After some trial and error we found that it was actually easier to
catch a snowflake on the slide, when possible, rather than
scraping/crushing/breaking them off the deck onto the glass slips. And
Amy got permission for us to leave a container, secured to the ship,
outside to store our slides in the below freezing air. This seemed
preferable to running the snowflakes through the halls on the boat to
get to the freezer only to find all we had preserved was a small puddle
of Antarctic water when we checked them two days later.
On a rare day of snow with only a little wind, we went out to the
helicopter pad to try catching snowflakes yet again. We even recruited a
couple more people to our cause. Because the helicopter pad is normally
closed, we had to radio the Bridge for permission to catch snowflakes—to…
do what?—catch snowflakes—….O…K… permission granted... Anyone tuning in
on the ships CCTV of the helo-pad probably thought we looked like crazy
people.
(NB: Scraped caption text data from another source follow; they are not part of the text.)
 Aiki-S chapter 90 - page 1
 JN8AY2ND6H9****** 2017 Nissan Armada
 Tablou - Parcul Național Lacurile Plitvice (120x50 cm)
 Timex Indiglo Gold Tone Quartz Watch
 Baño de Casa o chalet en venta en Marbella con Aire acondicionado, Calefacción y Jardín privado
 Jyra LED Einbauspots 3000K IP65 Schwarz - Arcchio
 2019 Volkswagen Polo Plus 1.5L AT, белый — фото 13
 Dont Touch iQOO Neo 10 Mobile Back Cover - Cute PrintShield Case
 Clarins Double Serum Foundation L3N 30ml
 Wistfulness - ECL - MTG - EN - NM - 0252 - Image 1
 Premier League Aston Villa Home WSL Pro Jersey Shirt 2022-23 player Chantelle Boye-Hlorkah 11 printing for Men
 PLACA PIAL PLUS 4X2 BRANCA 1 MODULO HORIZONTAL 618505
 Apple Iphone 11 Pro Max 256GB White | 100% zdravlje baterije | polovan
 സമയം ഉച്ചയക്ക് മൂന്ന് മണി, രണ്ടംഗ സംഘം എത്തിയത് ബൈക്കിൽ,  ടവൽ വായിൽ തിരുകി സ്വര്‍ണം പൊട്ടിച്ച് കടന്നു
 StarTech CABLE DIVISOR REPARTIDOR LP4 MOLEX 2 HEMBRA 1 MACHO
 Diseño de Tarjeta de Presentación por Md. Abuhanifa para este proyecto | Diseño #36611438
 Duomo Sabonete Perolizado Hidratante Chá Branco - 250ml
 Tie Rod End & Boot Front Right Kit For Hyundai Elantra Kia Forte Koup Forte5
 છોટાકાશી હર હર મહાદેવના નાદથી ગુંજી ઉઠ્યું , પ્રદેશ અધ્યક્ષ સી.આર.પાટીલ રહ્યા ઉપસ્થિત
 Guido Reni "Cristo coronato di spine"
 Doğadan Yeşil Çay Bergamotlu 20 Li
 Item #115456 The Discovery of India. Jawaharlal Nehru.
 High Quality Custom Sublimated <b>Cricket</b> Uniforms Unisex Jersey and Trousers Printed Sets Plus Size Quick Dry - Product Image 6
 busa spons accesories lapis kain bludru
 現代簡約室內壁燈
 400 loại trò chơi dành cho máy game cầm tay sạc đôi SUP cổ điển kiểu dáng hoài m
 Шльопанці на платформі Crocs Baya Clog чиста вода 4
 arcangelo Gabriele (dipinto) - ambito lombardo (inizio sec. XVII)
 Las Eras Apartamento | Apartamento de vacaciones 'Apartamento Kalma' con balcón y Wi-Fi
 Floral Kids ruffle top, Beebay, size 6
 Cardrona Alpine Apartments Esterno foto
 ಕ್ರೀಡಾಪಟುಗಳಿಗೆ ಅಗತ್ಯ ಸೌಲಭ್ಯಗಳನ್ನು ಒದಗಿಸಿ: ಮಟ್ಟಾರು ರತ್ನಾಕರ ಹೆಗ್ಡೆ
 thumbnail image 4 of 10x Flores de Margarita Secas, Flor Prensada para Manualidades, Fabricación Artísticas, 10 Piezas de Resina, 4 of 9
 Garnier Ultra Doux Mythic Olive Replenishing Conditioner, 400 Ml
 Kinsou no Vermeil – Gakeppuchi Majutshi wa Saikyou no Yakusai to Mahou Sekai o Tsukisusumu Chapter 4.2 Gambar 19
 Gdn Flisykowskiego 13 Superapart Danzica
We staggered around the platform in the swell, chasing the small
flurries of snow, hoods up on our puffy, insulated jackets against the
cold, and arms outstretched to the sky as we tried to catch snowflakes on
our near invisible microscope slides. When we got one we’d huddle
together to block the breeze so our precious and hard collected ice
crystals wouldn’t blow off the glass before we could carefully secure it
with crazy glue and the cover slip. Sometimes, when I got too impatient
waiting for the snowflakes to land on the microscope slides, I’d
frantically wave my arms up and down to catch them on the lining of my
jacket and then pick them off with a nail file for the slides.
This last iteration of our snowflake collection attempts worked. Though
my “final” product is actually a pretty shoddy piece of showmanship. My
cover slip, well off-center, juts from the edge of the slide threatening
anyone not paying attention with a glass “paper cut.” There’s also some
nice red fibers from the fraying sleeves of my ECW jacket stuck in the
glue with the snowflakes. But I preserved an Antarctic snowflake.
Having captured a snowflake, I figured I should probably teach people
something about them for my blog entry. However, I realized that I’m
really the only one that needs to learn more about snowflakes, having
only ever been in the snow seven times in my life. So I looked up
“snowflake” on the internet. Most of the information I already knew,
hexagonally symmetric snow crystals form through super cooling that
fall from the sky, etc. But I did learn that in 1988 a researcher found
two identical snowflakes. The people behind the study then decided to go
to the extreme effort to show that the two identical snowflakes were
still—most likely—distinct at the atomic level. That seems like a lot of
work for a snowflake.
Antarctic snowflakes, preserved in crazy glue, on a microscope slide. Top row: snowflakes viewed under the microscope. Bottom row: microscope slide with snowflakes.